I don't know about you, but if I don't empty out the dust catcher immediately after I turn the sander off, I completely forget to do so.  My dust catcher is a bit sticky to get off, so I got my face too close to it and ended up with a face full of dust.  A lot of sneezing followed this, so I'm going to make a note to wear a dust mask when sanding and emptying the catcher in the future.  By the time I finished sanding, it was around 10 p.m., so I changed my clothes and cozied up on the couch with the tall drink of water that is my man.  I watched a couple of episodes of Lie to Me then hit the hay.

When I woke up, I started in on the Vaseline application.  I like that there was already some greenish paint crazed onto the wood, so I wanted to make sure that some of the petroleum jelly was on those bits.  I didn't want to go overboard, so I applied a few thin swipes with my finger, since the original post said not to apply it thickly.  

The Vaseline is hard to see in the photo, but it is there.
Once I was happy with what I had, I applied the first coat of paint.  The spots with the Vaseline were immediately noticeable, even with paint on them.

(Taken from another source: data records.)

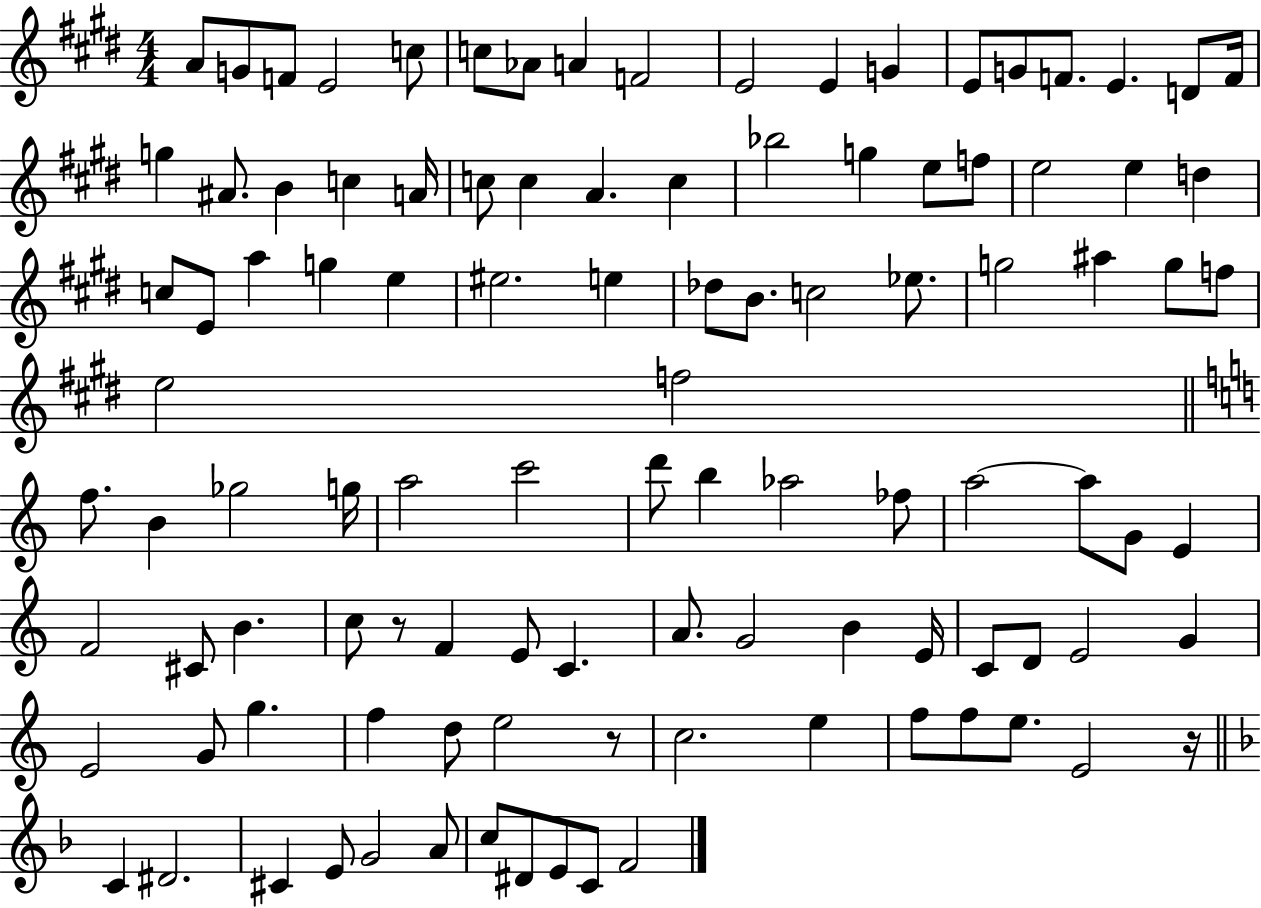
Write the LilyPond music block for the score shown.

{
  \clef treble
  \numericTimeSignature
  \time 4/4
  \key e \major
  a'8 g'8 f'8 e'2 c''8 | c''8 aes'8 a'4 f'2 | e'2 e'4 g'4 | e'8 g'8 f'8. e'4. d'8 f'16 | \break g''4 ais'8. b'4 c''4 a'16 | c''8 c''4 a'4. c''4 | bes''2 g''4 e''8 f''8 | e''2 e''4 d''4 | \break c''8 e'8 a''4 g''4 e''4 | eis''2. e''4 | des''8 b'8. c''2 ees''8. | g''2 ais''4 g''8 f''8 | \break e''2 f''2 | \bar "||" \break \key a \minor f''8. b'4 ges''2 g''16 | a''2 c'''2 | d'''8 b''4 aes''2 fes''8 | a''2~~ a''8 g'8 e'4 | \break f'2 cis'8 b'4. | c''8 r8 f'4 e'8 c'4. | a'8. g'2 b'4 e'16 | c'8 d'8 e'2 g'4 | \break e'2 g'8 g''4. | f''4 d''8 e''2 r8 | c''2. e''4 | f''8 f''8 e''8. e'2 r16 | \break \bar "||" \break \key d \minor c'4 dis'2. | cis'4 e'8 g'2 a'8 | c''8 dis'8 e'8 c'8 f'2 | \bar "|."
}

After the third coat, however, it was somewhat difficult to tell where the Vaseline had been applied.

Do you see the Vaseline spots?
Neither do I.
I would suggest numbering the drawers and taking a photo after the first coat to help you keep track of where you need to rub paint off.  I'm sure that the bits that I missed will eventually have the paint rub off, so I'm not that worried about it.

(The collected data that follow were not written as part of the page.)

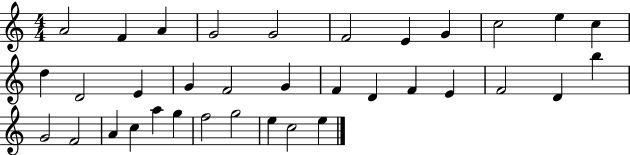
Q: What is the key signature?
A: C major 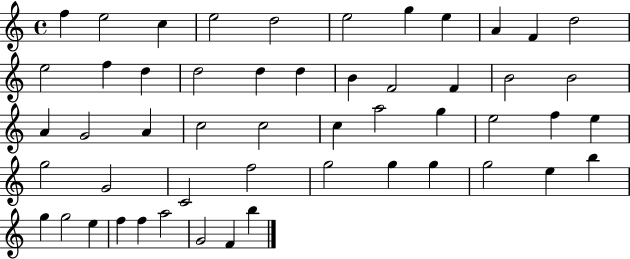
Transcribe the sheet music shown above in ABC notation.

X:1
T:Untitled
M:4/4
L:1/4
K:C
f e2 c e2 d2 e2 g e A F d2 e2 f d d2 d d B F2 F B2 B2 A G2 A c2 c2 c a2 g e2 f e g2 G2 C2 f2 g2 g g g2 e b g g2 e f f a2 G2 F b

Once my final coat was completely dry, I took a paper coffee filter and used it to rub the areas where the Vaseline was applied.  I just moved it around in a circular motion, making sure that  there was no peeled off paint bits around the edges.  

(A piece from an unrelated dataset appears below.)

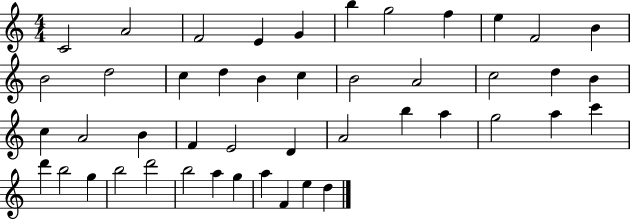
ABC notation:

When the paint was completely dry, I could see a little crackle-like finish
where the Vaseline had been applied.

I rubbed off all of the jelly-covered spots.  This is what one drawer ended up looking like:

I scored some fantastic glass knobs on ebay on Sunday morning, and am excited for their arrival.  Since the bedroom is going to be dark, I really needed something to reflect some light.  Besides, who doesn't love a little sparkle?  

Photo used with permission
Want knobs at great prices?  *Find them at GrandCentral on ebay!
I waited a good 12 hours for the paint to completely dry.  It still looks very naked.

I wanted to get some sort of idea as to what it'd look like when the knobs do finally arrive, so I popped in a couple of glass knobs that I had laying around.  I only have the two, and they're too big for the nightstand, but you can really see how the light is refracted by the glass.

I kept the flash off
I styled it up a bit, and shopped the top knobs onto the bottom two drawers so you could get the idea of what it will look like when the knobs finally do arrive.  It is also in the dining room at the moment, because there is no sense in putting more furniture into a room I'll be painting this weekend.  I love how it came out!  

Doesn't it look sweet?

*The folks at GrandCentral kindly allowed me to use their photograph, without any sort of exchange for promotion or perk (so they didn't pay me or give me anything for free).


  1. Its so sweet! Love this Danielle! I'm a sucker for glass knobs!

    1. Thanks! I already pinned your ottoman! With my To-Do list, it might have to wait until the next Pinterest Challenge, though!

  2. This comment has been removed by the author.

  3. How pretty! Love the distressing and the knobs!